# Directions for this task
Copy exactly and only the lines running from the one that contains "Macarthur Bettington was" to the final line of the data below, without the pictures.

# Given data
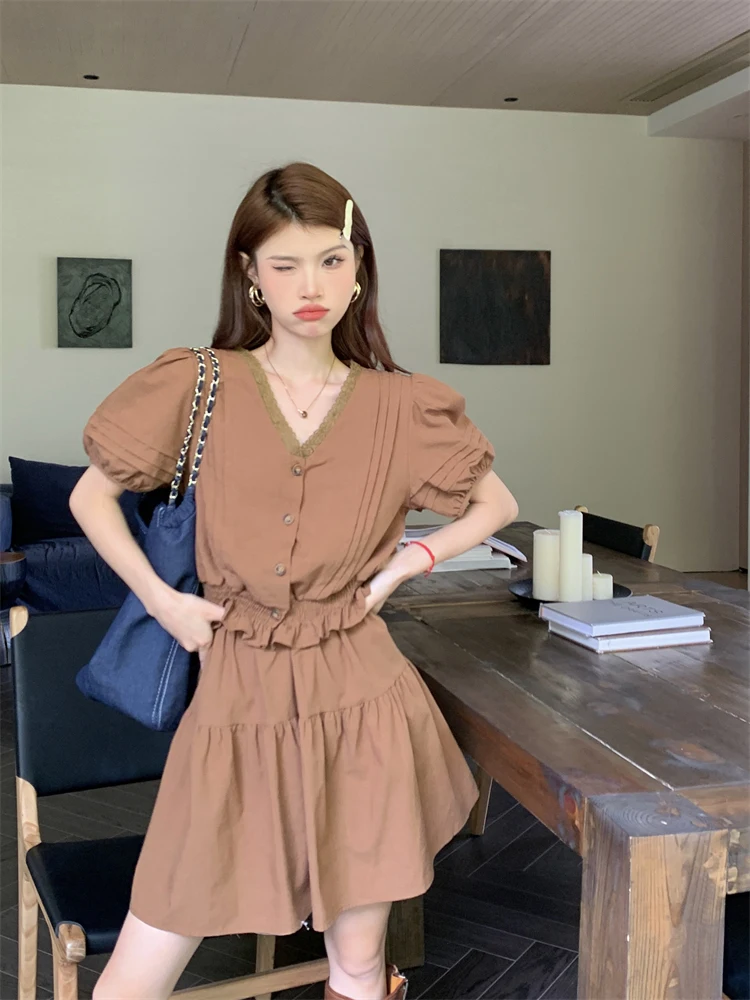 

GYY3961, Новинка лета 2023, Женская винтажная кружевная Облегающая рубашка с V-образным вырезом и талией, полуюбка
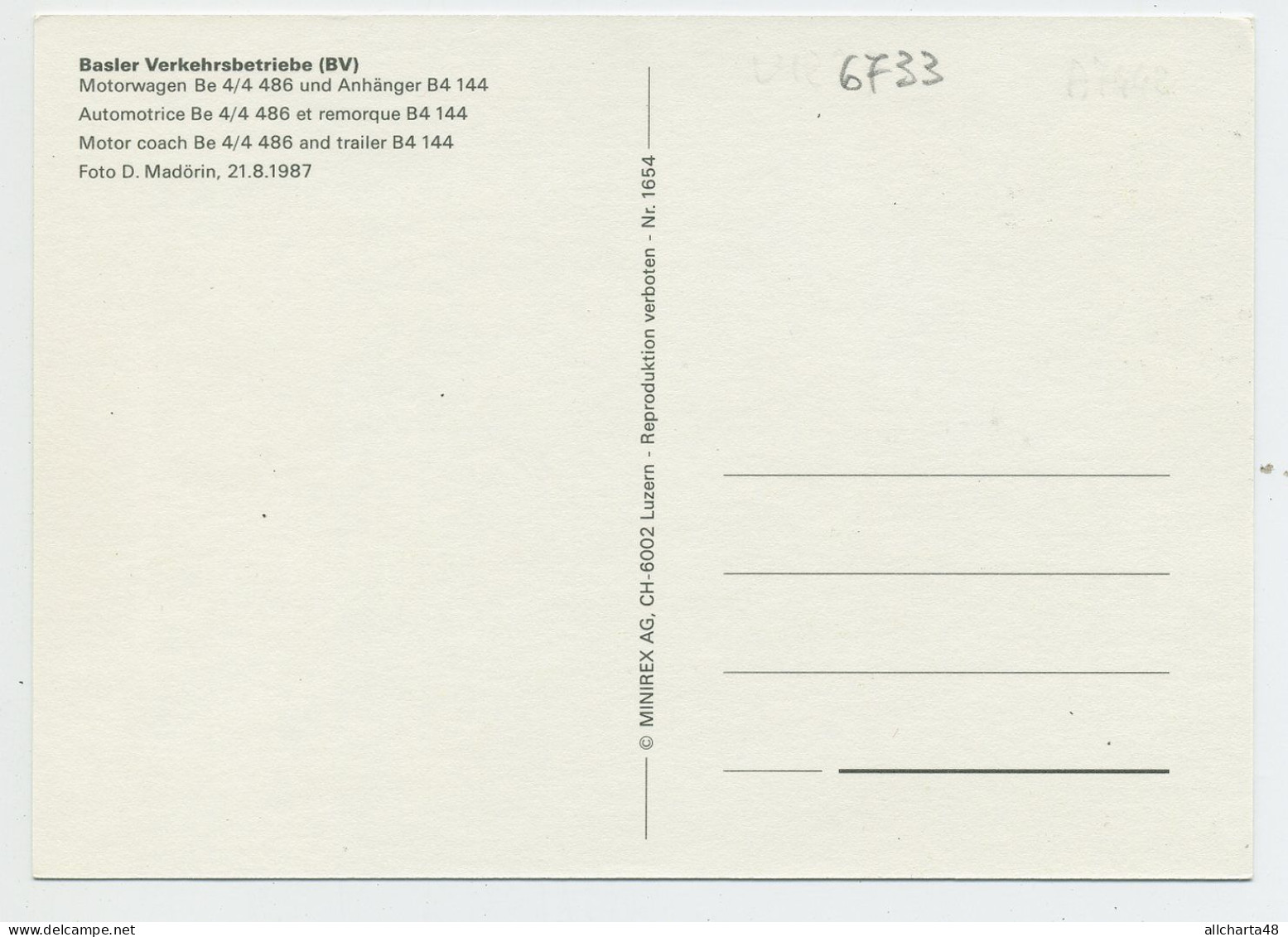 D6733] Svizzera BASILEA BASEL - TRAM Be 4/4 488 CON RIMORCHIO B4 144 LINEA 3 Anno 1987 Tramway Strassenbahn - Strassenbahnen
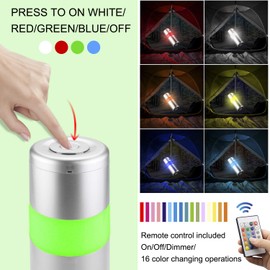 LUXSWAY Battery LED Colored Table Light with Remote, Wireless Dimmable RGB Night Light,Portable Muitl-Colored Camp Light Mood Light, Warm White and Color Changing Light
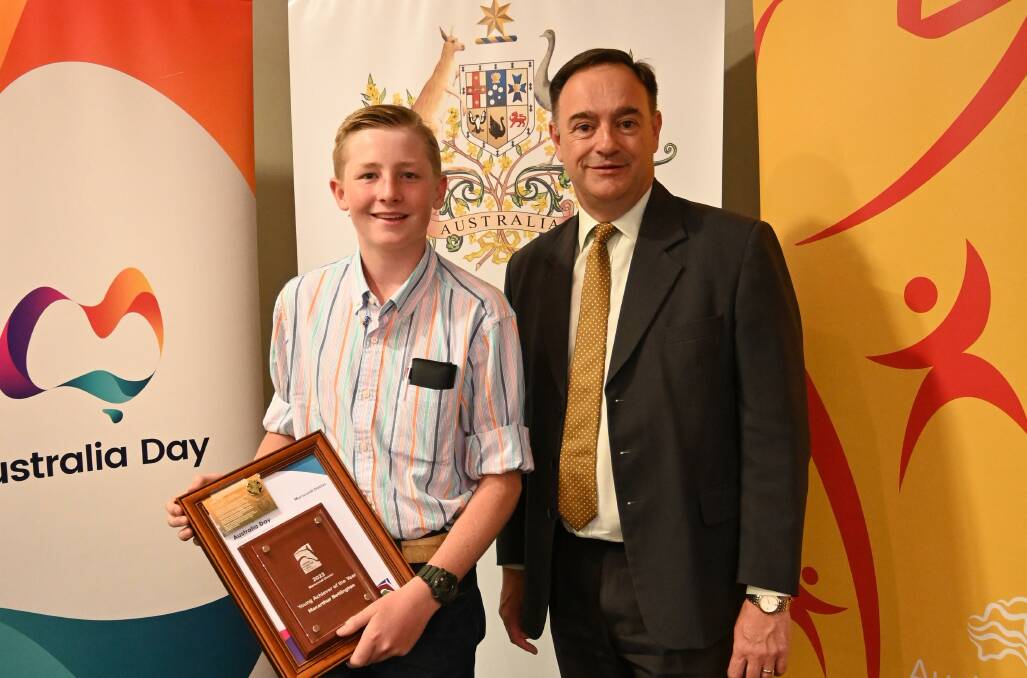Macarthur Bettington was named Murrurundi Young Achiever of the Year. Pictured with Upper Shire Council General Manager Greg McDonald. Picture by Jess Wallace. 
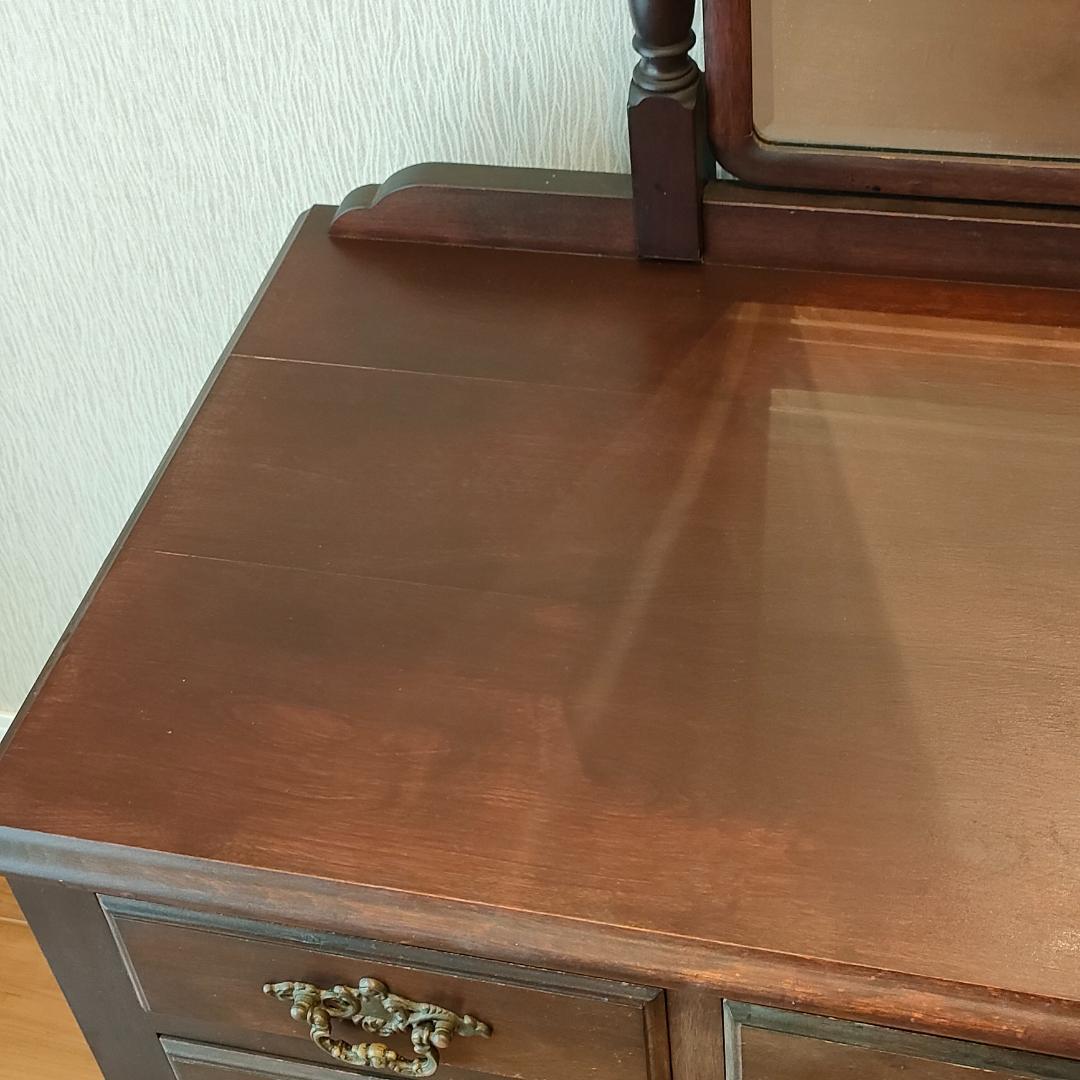 アンティーク　鏡台　スツール　セット品　 引出し７杯　ろくろ脚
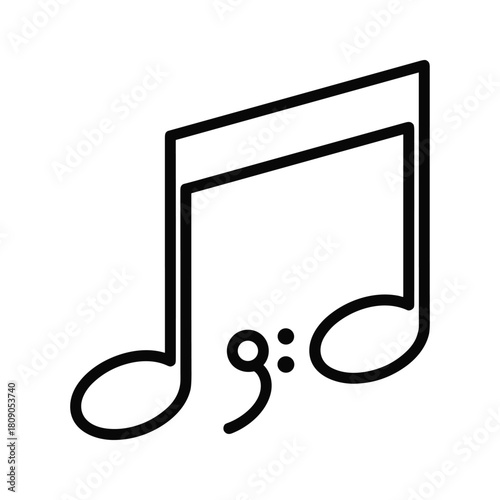 Musical note with bass clef isolated on for music concept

# Answer below
Macarthur Bettington was named Murrurundi Young Achiever of the Year. Pictured with Upper Shire Council General Manager Greg McDonald. Picture by Jess Wallace. 
 アンティーク　鏡台　スツール　セット品　 引出し７杯　ろくろ脚
 Musical note with bass clef isolated on for music concept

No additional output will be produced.